DATA TO USE:
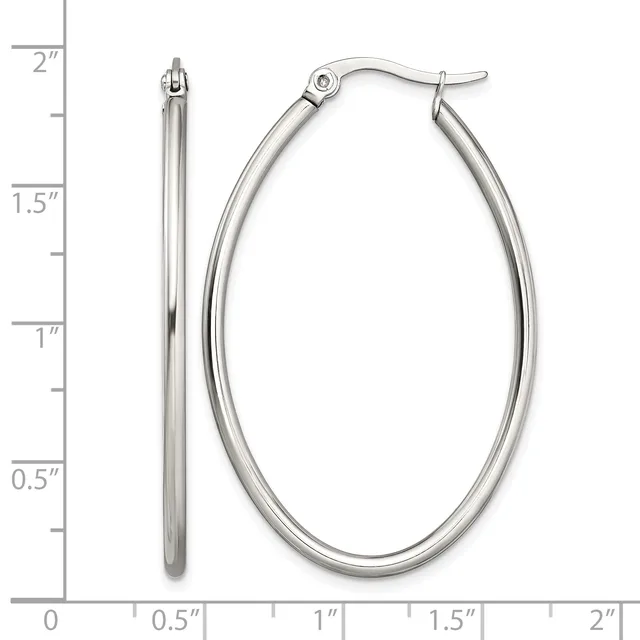 Pair of polished silver-tone oval hoop earrings with hinged posts, shown next to a ruler measuring approximately two inches in length.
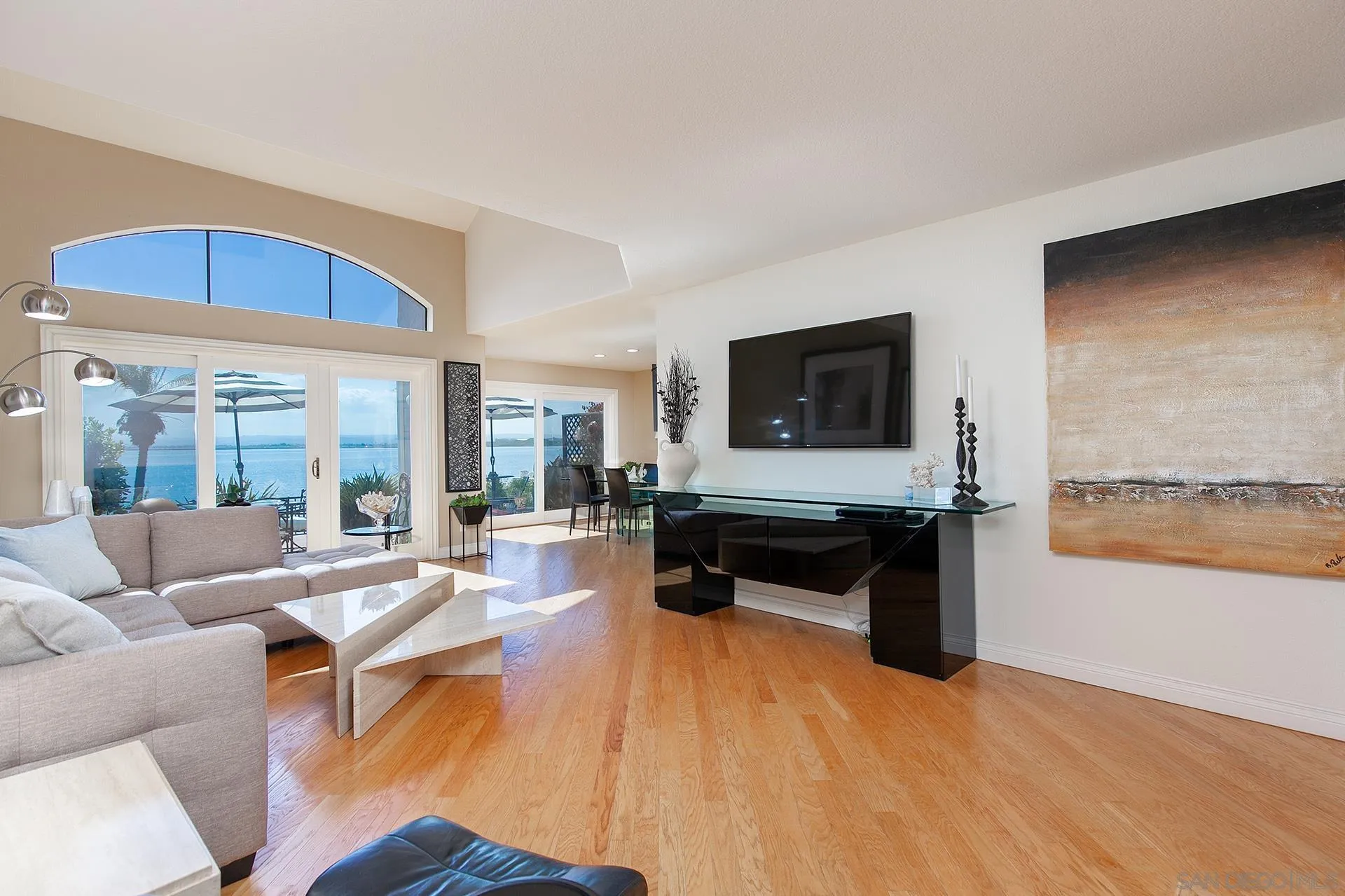 5 Aruba Bend Coronado, CA 92118 - Photo 7 of 40 a living room with furniture and a flat screen tv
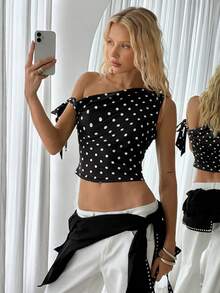 TRNVIE Blusa casual de mujer con hombros asimétricos, lunares negros, lazo y cintura elástica, ideal para vacaciones, casual, oficina o fiesta - Blanco y Negro - Ver 7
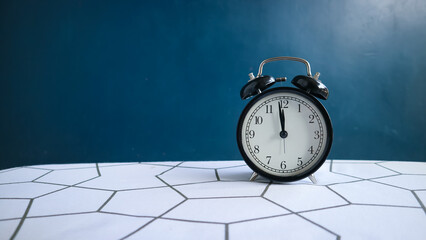 alarm clock on blue background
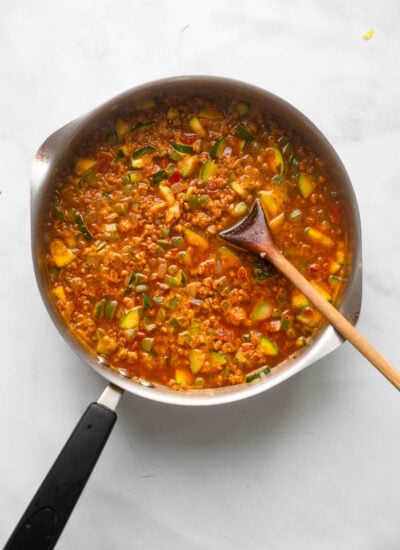skillet with cooked veggies, water, and salsa added ready to simmer. 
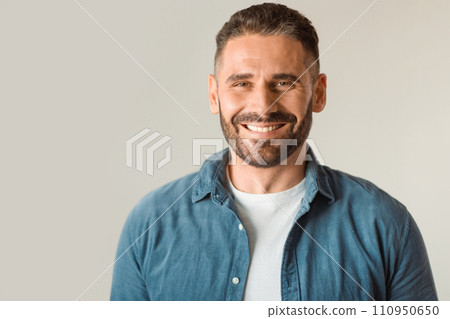 man beams with toothy smile posing against gray studio wall man beams with toothy smile posing against gray studio wall 110950650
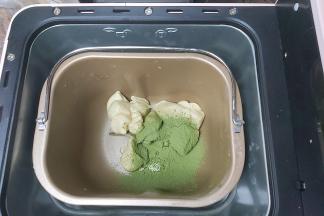 另一半面团再次切成小块放入面包桶，同时倒入抹茶粉，以及5g左右的牛奶，继续启动程序。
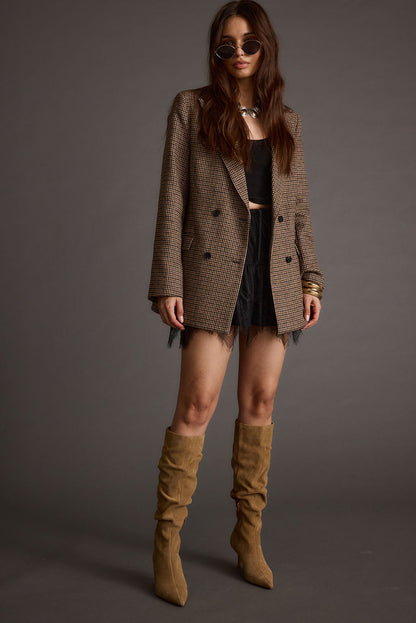 Full-length view of the black mini skirt showing the drape and movement.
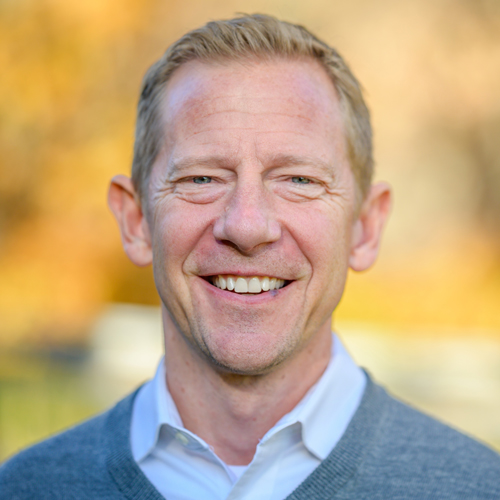 Monsignor Bernie Schmidt gives a blessing at the altar, surrounded by candles and a gathering.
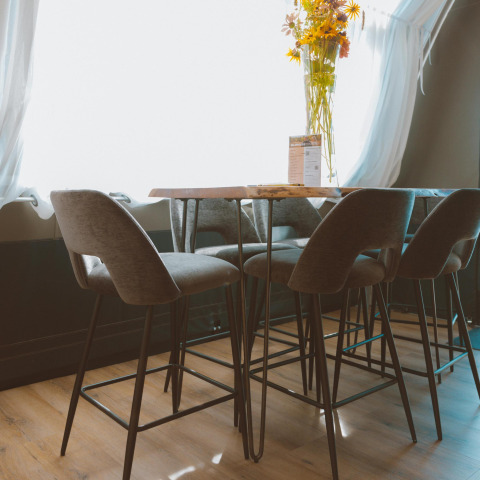 Modern bar stools and table inside Big Oak Tent at Holiday Park Sallandshoeve, Netherlands, with sunlit window.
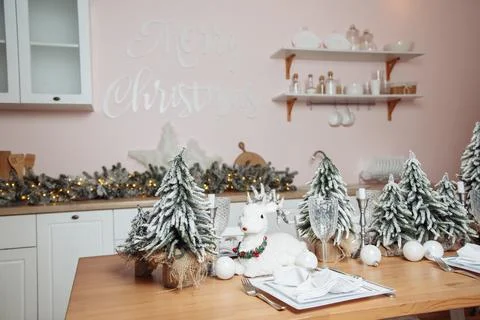 A plastic deer sits on a table with plastic Christmas trees on a wooden table Stock Photos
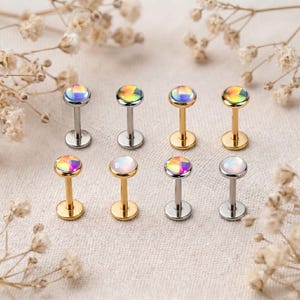 May include: Eight flat-back labret studs arranged in two rows. The studs feature circular tops with iridescent, multi-colored cabochon stones. Four studs have a silver-toned metal post and base, while the other four have a gold-toned metal finish.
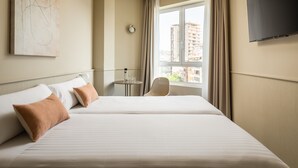 Habitación de hotel con dos camas, televisión, ventana con cortinas y vistas a edificios.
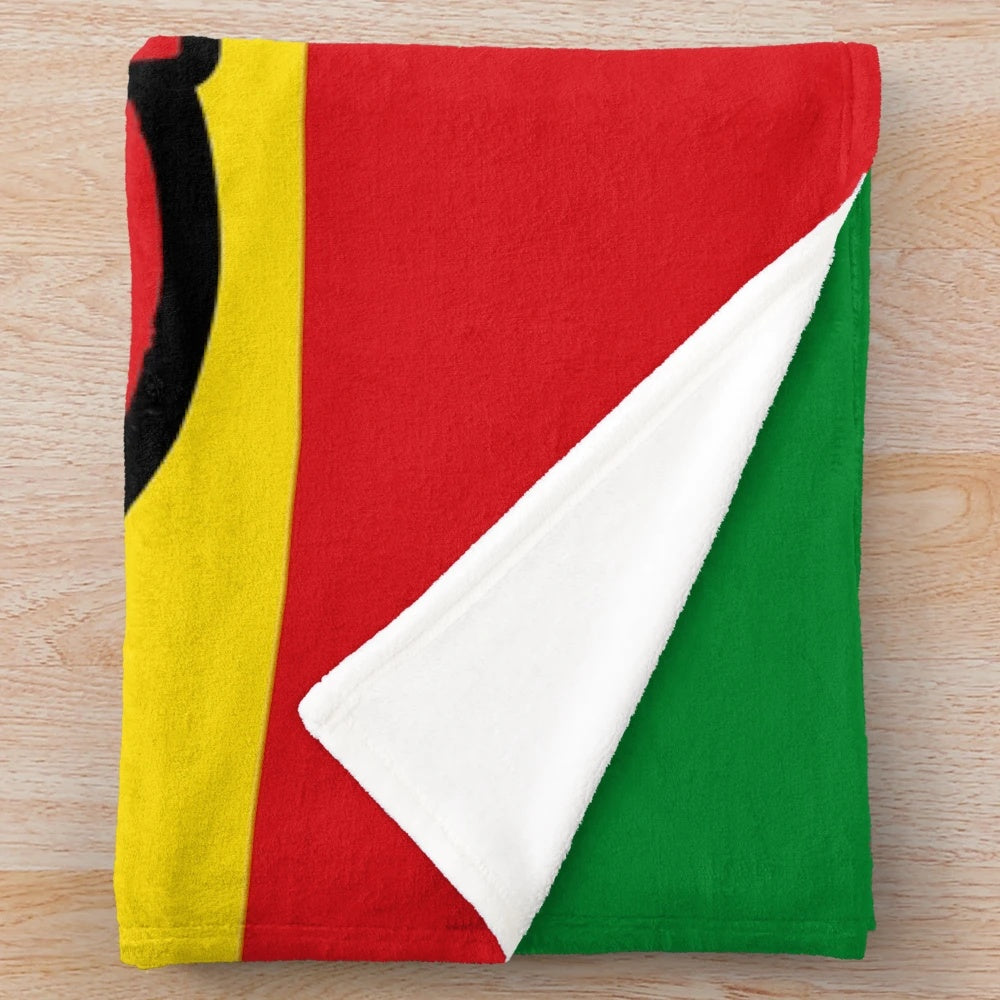 Reggae-inspired plush blanket with peace symbol and rasta colors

WHAT IS BEING ASKED:
Could you copy, exactly and with no pictures, each line from the first one above to the line holding "5 Aruba Bend"?

COMPLETED EXERCISE:
 Pair of polished silver-tone oval hoop earrings with hinged posts, shown next to a ruler measuring approximately two inches in length.
 5 Aruba Bend Coronado, CA 92118 - Photo 7 of 40 a living room with furniture and a flat screen tv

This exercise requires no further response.